» PROBLEM TO SOLVE: After locating "Barbie 80's Skipper", return its line and all lines that follow through the end of the listing below, exactly; leave out pictures.

» DATA SHOWN:
☆ ☆ ☆ ☆ ☆ ☆ ☆
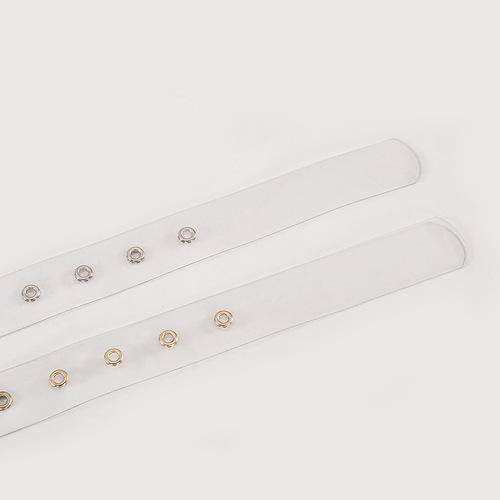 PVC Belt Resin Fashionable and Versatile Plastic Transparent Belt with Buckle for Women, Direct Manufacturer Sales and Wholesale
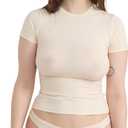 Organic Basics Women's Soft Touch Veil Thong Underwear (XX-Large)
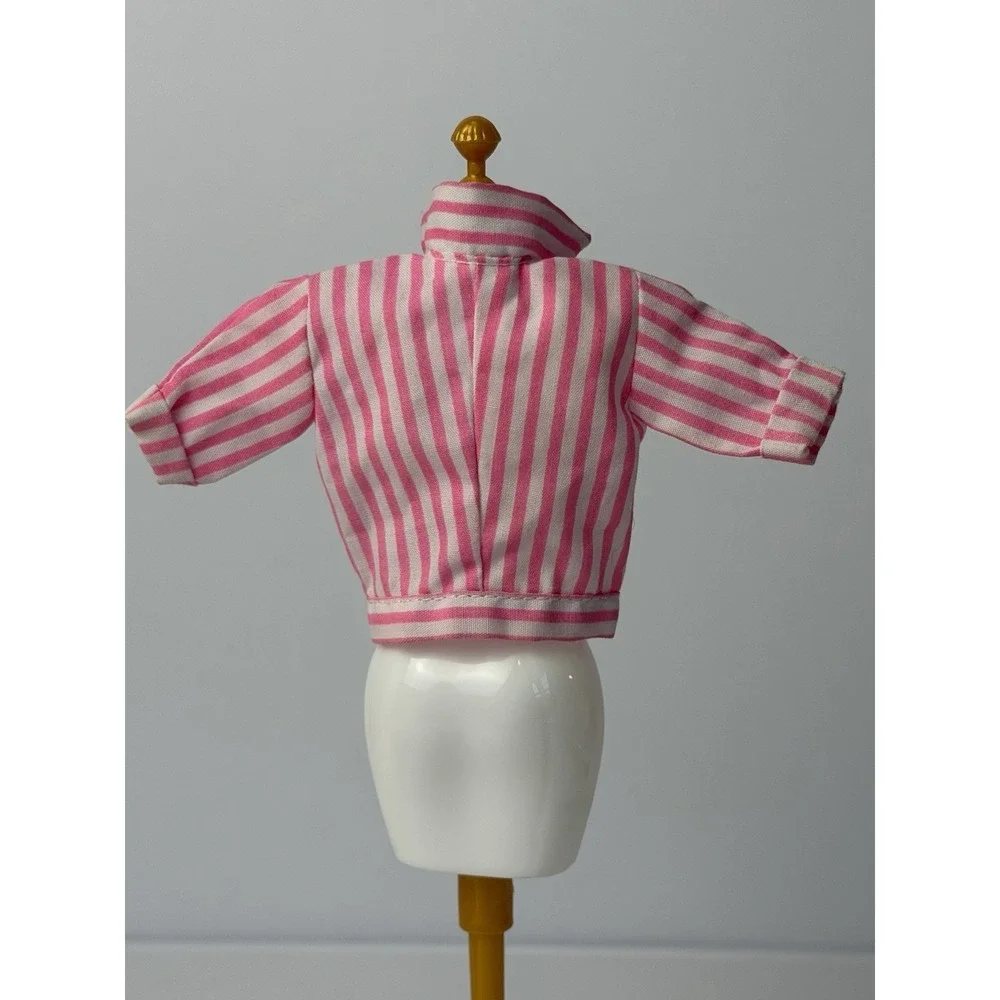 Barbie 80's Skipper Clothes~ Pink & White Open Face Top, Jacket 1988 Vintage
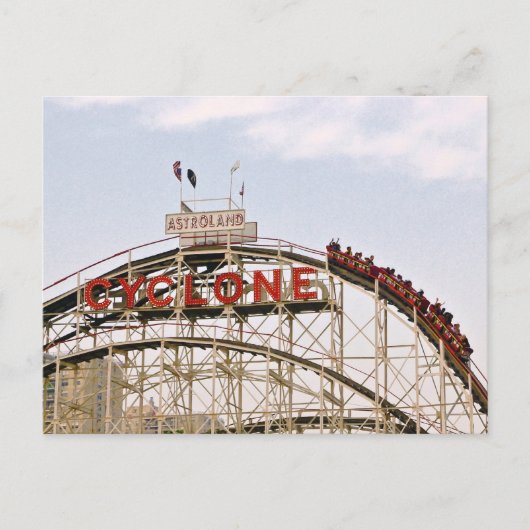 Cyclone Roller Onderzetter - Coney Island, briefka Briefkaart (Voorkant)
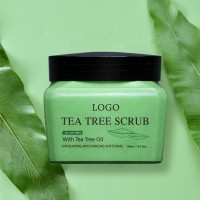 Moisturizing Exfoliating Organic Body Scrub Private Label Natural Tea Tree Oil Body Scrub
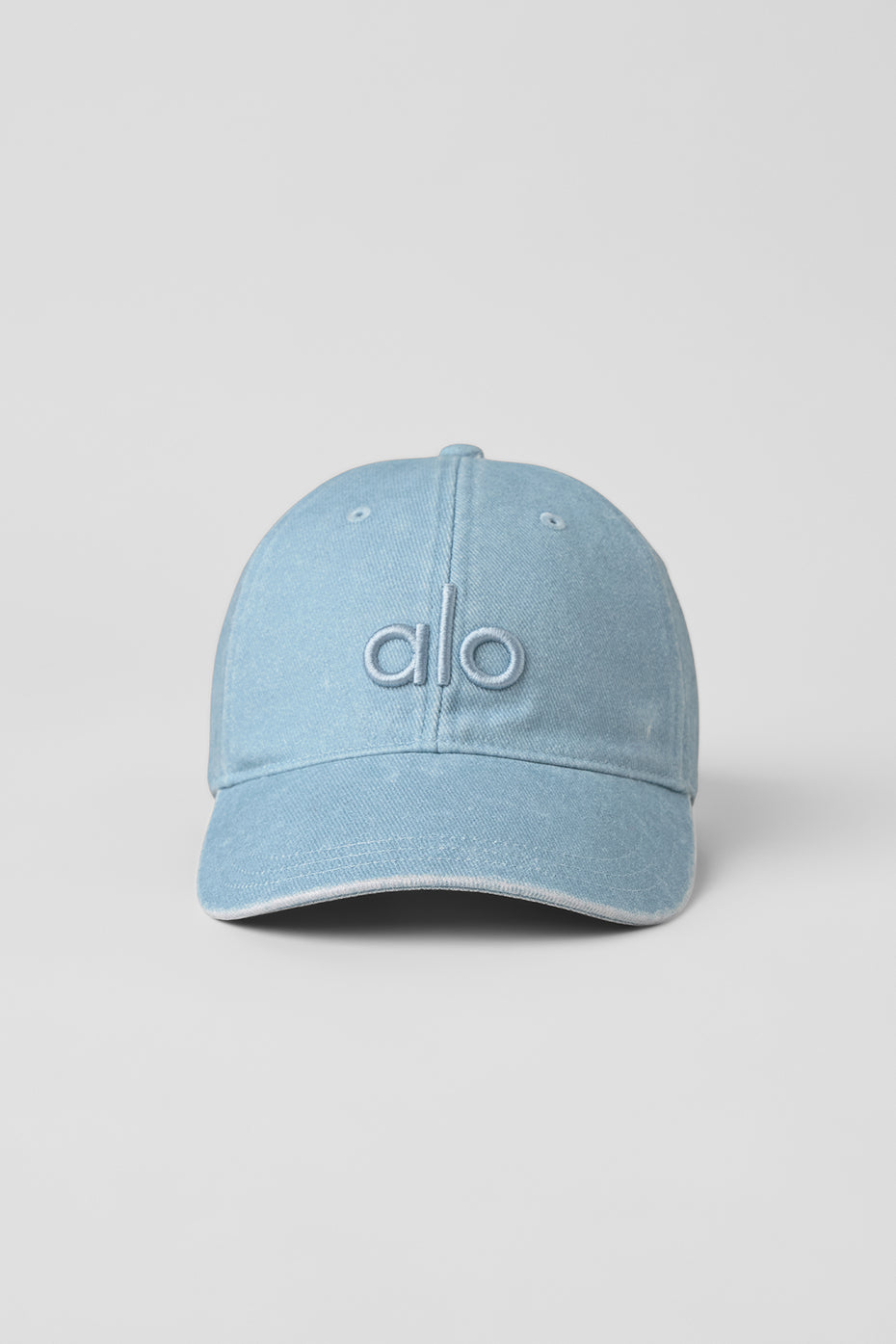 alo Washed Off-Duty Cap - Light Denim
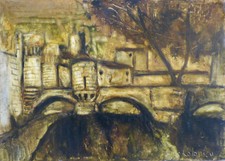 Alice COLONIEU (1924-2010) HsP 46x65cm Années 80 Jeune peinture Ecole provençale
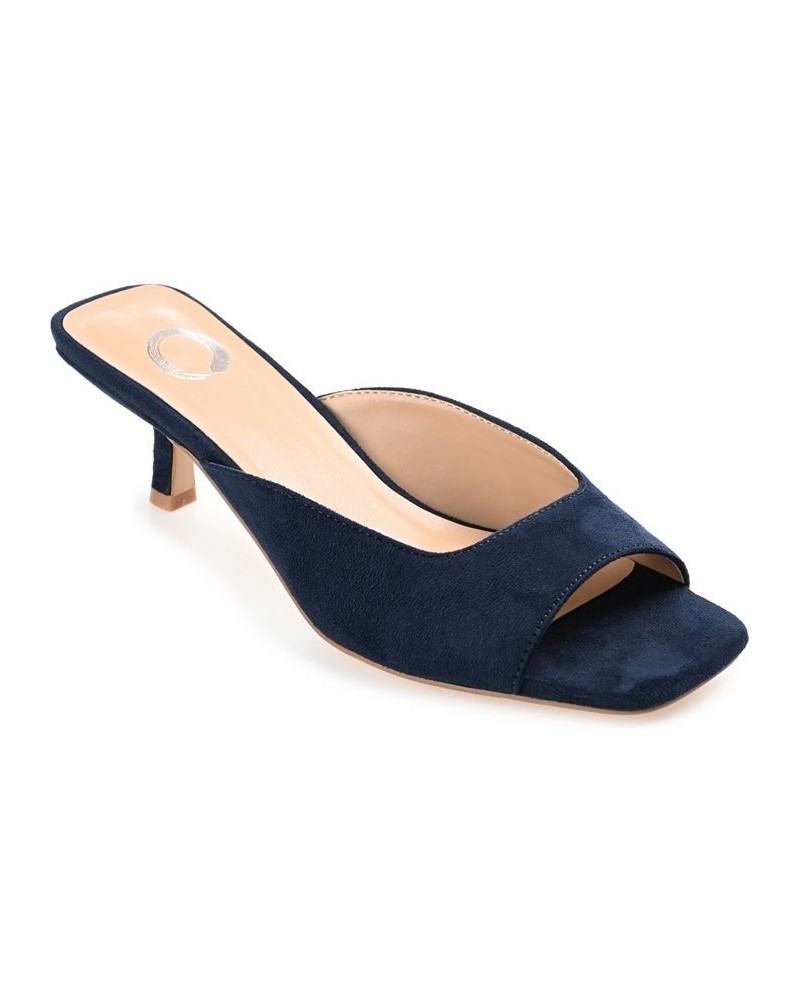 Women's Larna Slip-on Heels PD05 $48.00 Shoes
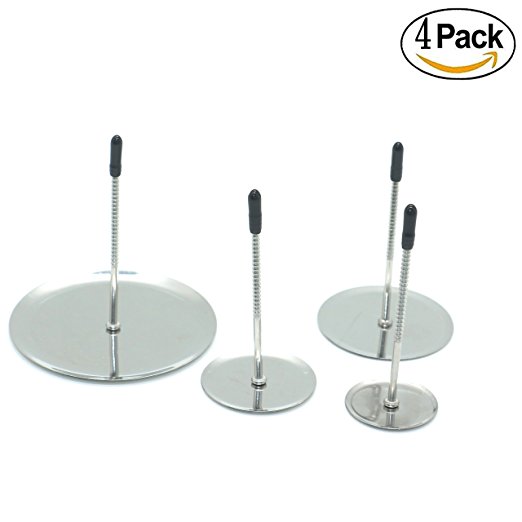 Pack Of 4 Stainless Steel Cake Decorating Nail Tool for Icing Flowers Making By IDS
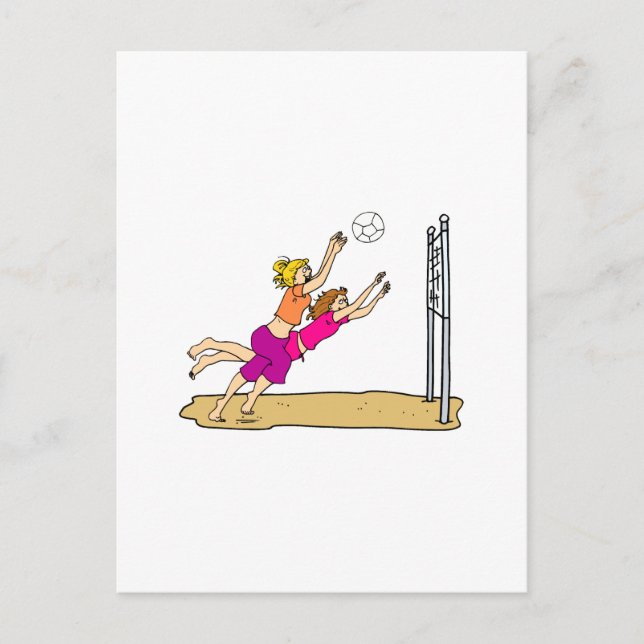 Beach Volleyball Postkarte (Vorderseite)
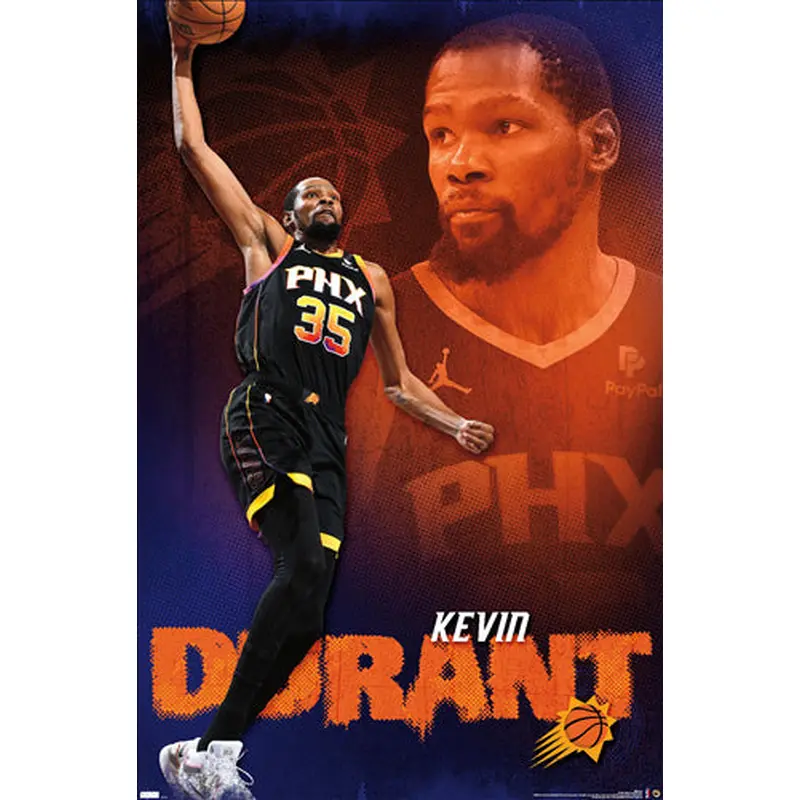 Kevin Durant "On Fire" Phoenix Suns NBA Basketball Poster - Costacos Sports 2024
☆ ☆ ☆ ☆ ☆ ☆ ☆
» RESPONSE TO THE EXERCISE:
 Barbie 80's Skipper Clothes~ Pink & White Open Face Top, Jacket 1988 Vintage
 Cyclone Roller Onderzetter - Coney Island, briefka Briefkaart (Voorkant)
 Moisturizing Exfoliating Organic Body Scrub Private Label Natural Tea Tree Oil Body Scrub
 alo Washed Off-Duty Cap - Light Denim
 Alice COLONIEU (1924-2010) HsP 46x65cm Années 80 Jeune peinture Ecole provençale
 Women's Larna Slip-on Heels PD05 $48.00 Shoes
 Pack Of 4 Stainless Steel Cake Decorating Nail Tool for Icing Flowers Making By IDS
 Beach Volleyball Postkarte (Vorderseite)
 Kevin Durant "On Fire" Phoenix Suns NBA Basketball Poster - Costacos Sports 2024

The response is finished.